**Data segment**
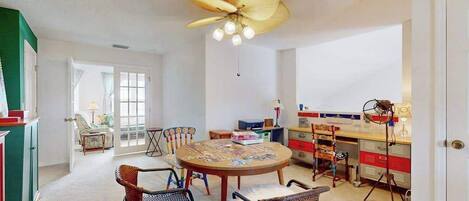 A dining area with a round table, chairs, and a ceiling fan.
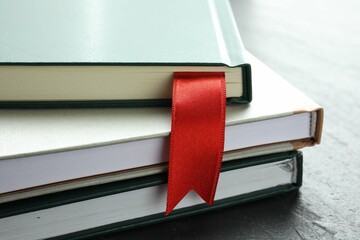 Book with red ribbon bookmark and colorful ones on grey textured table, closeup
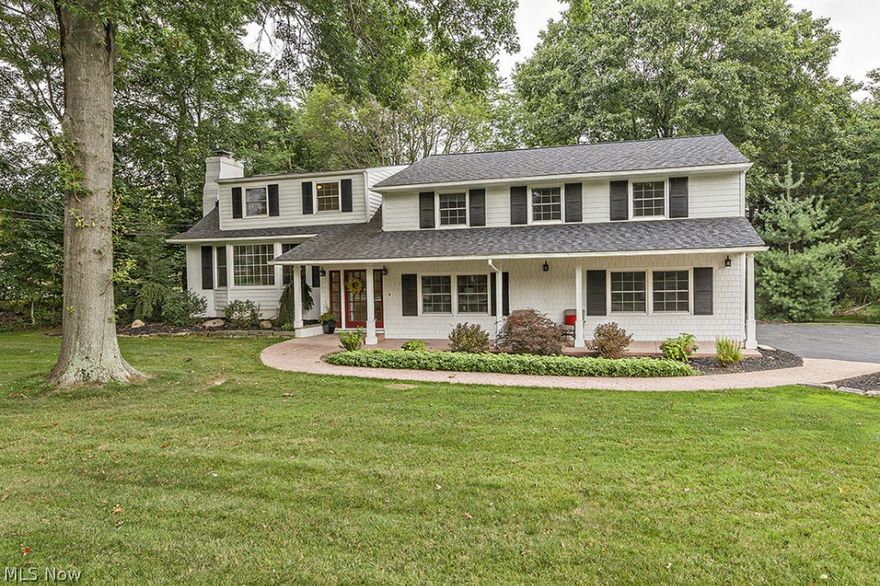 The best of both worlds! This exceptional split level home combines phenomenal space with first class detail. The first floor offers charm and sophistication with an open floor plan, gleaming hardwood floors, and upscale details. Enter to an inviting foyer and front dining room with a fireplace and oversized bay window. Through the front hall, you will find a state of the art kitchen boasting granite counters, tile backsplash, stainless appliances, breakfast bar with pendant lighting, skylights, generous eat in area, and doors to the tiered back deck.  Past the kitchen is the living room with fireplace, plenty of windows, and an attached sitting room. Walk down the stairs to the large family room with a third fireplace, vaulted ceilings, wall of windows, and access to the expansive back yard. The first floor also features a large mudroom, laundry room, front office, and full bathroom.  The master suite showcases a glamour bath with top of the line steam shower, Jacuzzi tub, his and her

**Your goal**
Print the material above word for word, first line through the line with "Book with red", and leave every picture out.

**Answer for the task**
 A dining area with a round table, chairs, and a ceiling fan.
 Book with red ribbon bookmark and colorful ones on grey textured table, closeup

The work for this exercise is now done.